» Exercise requirements:
Excluding pictures, what does the listing below contain from the line with "Photo 2 - Maison à SAINT-HILAIRE" up to and including the line with "Building Photo - 928-932 N 6th Street", word for word?

┌─ Data for processing

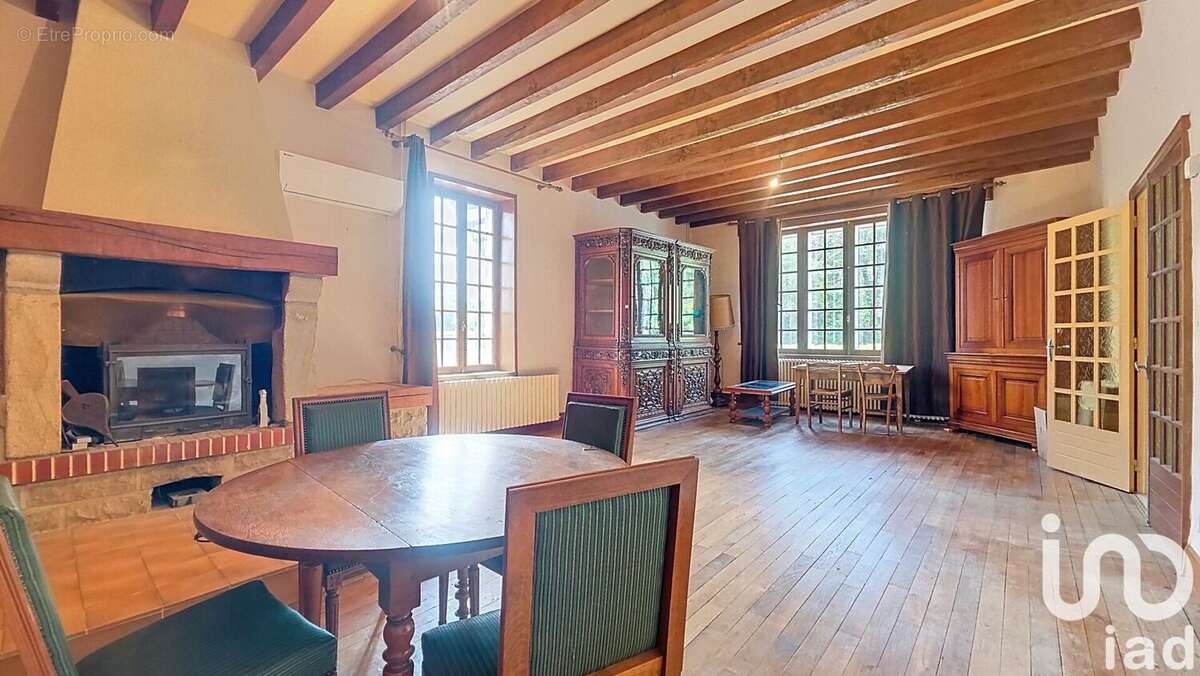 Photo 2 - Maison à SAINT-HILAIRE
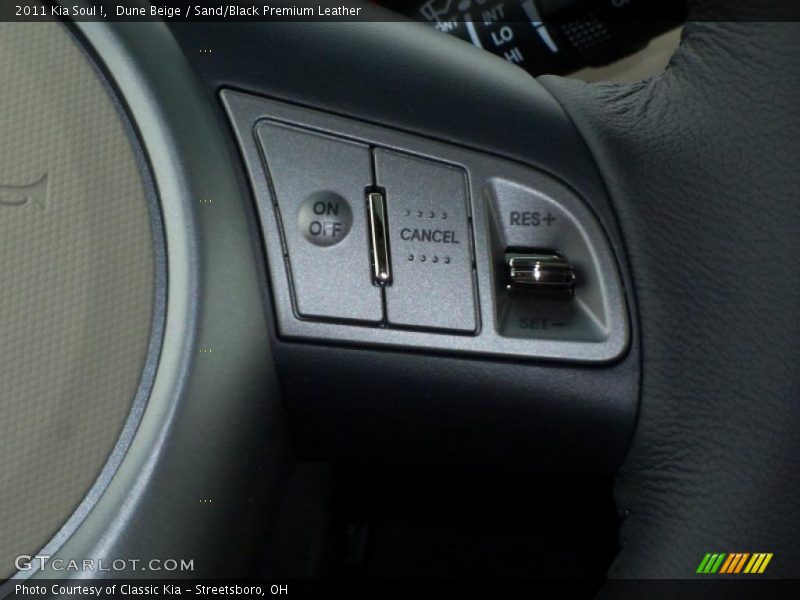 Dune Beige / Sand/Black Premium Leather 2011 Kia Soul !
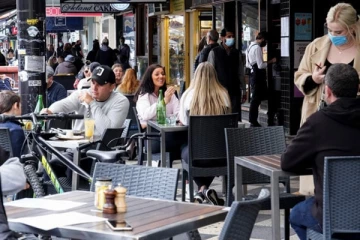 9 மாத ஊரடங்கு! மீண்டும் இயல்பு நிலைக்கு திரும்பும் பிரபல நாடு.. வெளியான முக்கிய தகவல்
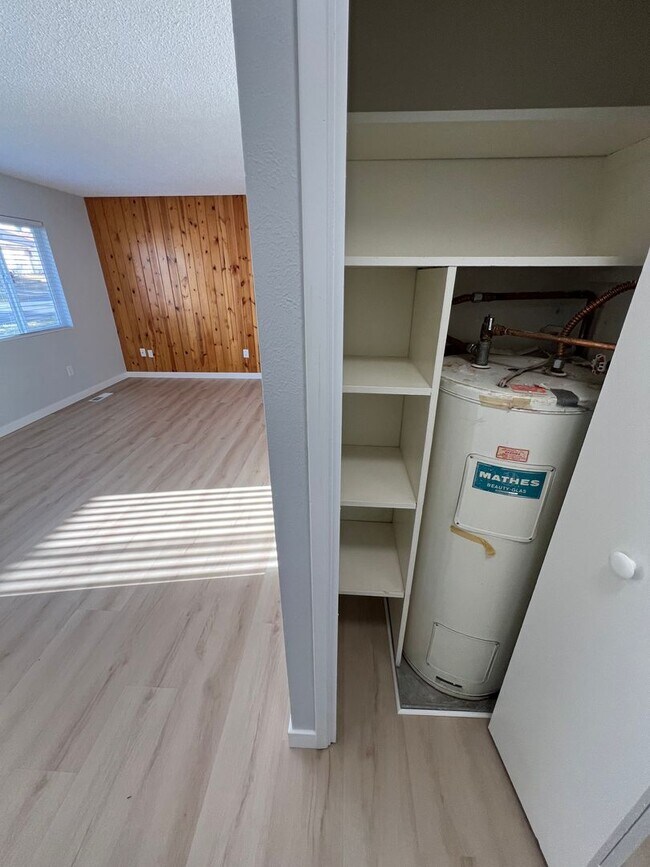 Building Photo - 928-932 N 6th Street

└─
┌─ Data for processing

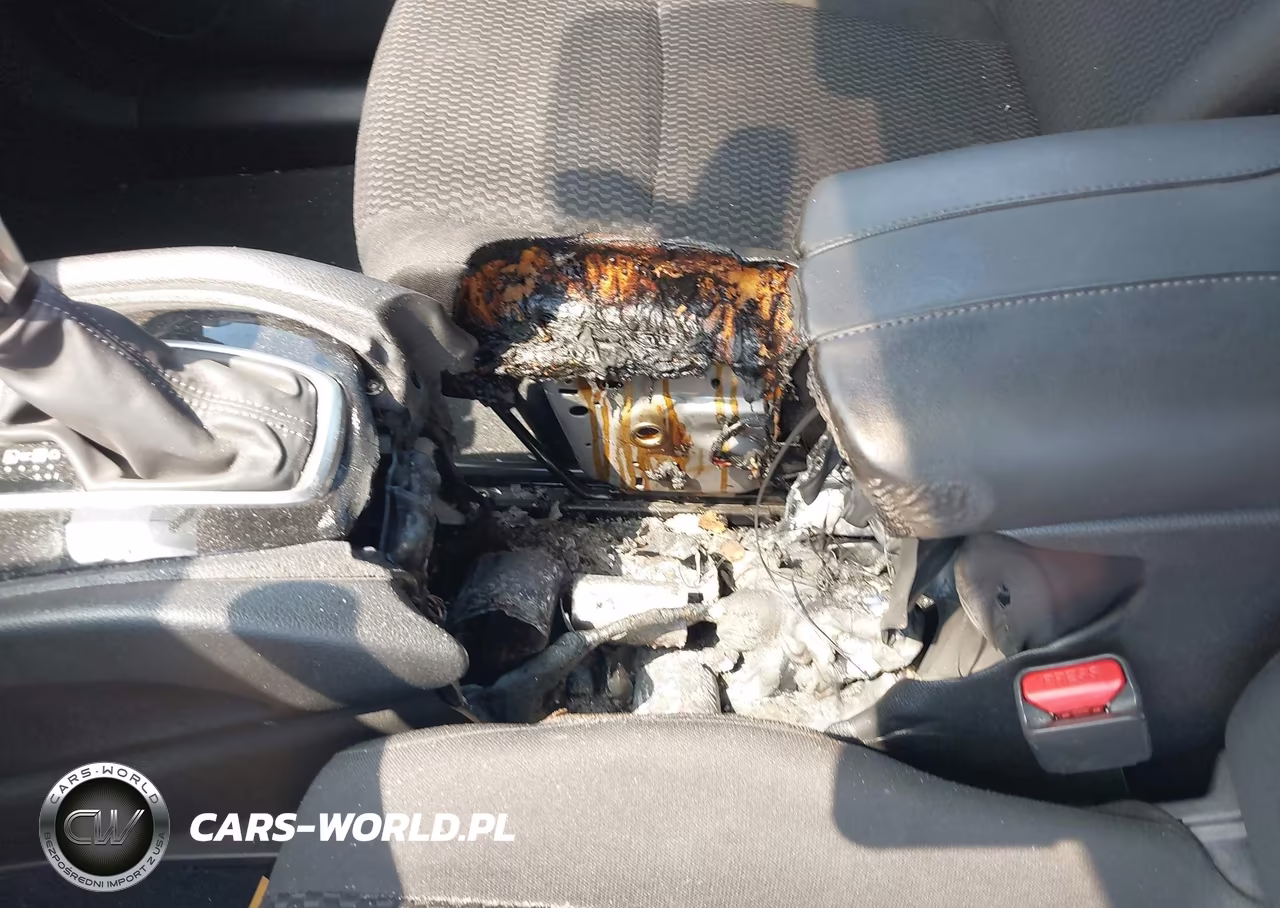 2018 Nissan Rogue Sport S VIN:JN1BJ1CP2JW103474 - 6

└─

» Result below:
 Photo 2 - Maison à SAINT-HILAIRE
 Dune Beige / Sand/Black Premium Leather 2011 Kia Soul !
 9 மாத ஊரடங்கு! மீண்டும் இயல்பு நிலைக்கு திரும்பும் பிரபல நாடு.. வெளியான முக்கிய தகவல்
 Building Photo - 928-932 N 6th Street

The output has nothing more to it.